A principios de este año, la Reserva Federal ya había comenzado a recortar las tasas desde su máximo de dos décadas. Pero las autoridades, encabezadas por el presidente del banco central, Jerome Powell, querían ser cuidadosos y les preocupaba que recortar las tasas demasiado agresivamente pudiera poner en peligro el progreso que habían logrado en materia de inflación.
Trump, sin andar con cuidado, regresó al cargo exigiendo un rápido retorno a tasas bajas para estimular el crecimiento económico y reprendiendo a Powell (a quien nombró). Powell desestimó fríamente sus demandas y ataques públicos. Pero a finales de año, Trump había tratado de reforzar la junta de fijación de tasas de la Reserva Federal con funcionarios más acordes con su pensamiento, dividiendo la opinión sobre la Reserva Federal. El año siguiente reemplaza a Powell.
ocupación
El crecimiento del empleo pospandemia ya estaba perdiendo fuerza el año pasado. Trump aprovechó las frustraciones de los estadounidenses con la economía y prometió una “reactivación manufacturera” que sentaría las bases para otro impulso del empleo.
La reactivación aún no ha llegado, pero durante el verano el crecimiento de la fuerza laboral parecía haberse detenido. En lugar de crear empleos, la economía estadounidense los eliminó en junio y agosto.

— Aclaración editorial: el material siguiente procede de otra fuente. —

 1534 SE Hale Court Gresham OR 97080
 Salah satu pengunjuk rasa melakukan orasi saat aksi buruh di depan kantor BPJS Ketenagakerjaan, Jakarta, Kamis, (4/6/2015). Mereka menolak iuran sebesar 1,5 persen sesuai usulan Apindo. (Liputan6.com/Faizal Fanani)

Y en octubre, en medio del cierre gubernamental más largo de la historia, perdió alrededor de 105.000.
Mientras tanto, la tasa de desempleo, el porcentaje de la fuerza laboral estadounidense que está sin trabajo, ha ido aumentando durante todo el año y en noviembre subió a su nivel más alto desde septiembre de 2021.
El presidente intentó contraatacar, afirmando que “la única razón por la que el desempleo había aumentado era porque la fuerza laboral federal había disminuido, a pesar de que la fuerza laboral federal había disminuido en 271.000 desde enero, mientras que el número de estadounidenses desempleados había aumentado en aproximadamente un millón.

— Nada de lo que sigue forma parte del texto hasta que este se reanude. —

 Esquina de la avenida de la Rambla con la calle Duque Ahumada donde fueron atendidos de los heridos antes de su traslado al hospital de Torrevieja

“Me gustaría que las noticias falsas informaran correctamente un 4,5%”, añadió en las redes sociales a principios de este mes, después de que la Oficina de Estadísticas Laborales situara la tasa de desempleo de noviembre en un 4,6%.
crecimiento
Según la principal medida de crecimiento económico, el producto interno bruto o PIB, la economía estadounidense ha atravesado un año de montaña rusa. Se alivió en el primer trimestre, en medio de una afluencia de importaciones antes del esperado ataque arancelario de Trump, antes de recuperarse en el segundo y ganar fuerza en el tercero.
Después de un crecimiento del 2,8% en 2024, la economía estadounidense está esperado crecerá un 2% este año y un 2,1% el próximo. Pero muchos economistas no esperaban una lectura tan sólida del PIB para el tercer trimestre, que se produjo antes del cierre federal.
La última vez que el crecimiento fue tan fuerte, durante la presidencia de Joe Biden, el aumento de los precios y el crecimiento laboral desigual dejaron a muchos luchando por conciliar las cifras de los titulares con las realidades cotidianas de sus vidas.
Trump promete un auge económico histórico. Al igual que Biden, puede descubrir que la verdadera tarea no es sólo cumplirlo, sino asegurarse de que los estadounidenses también lo sientan.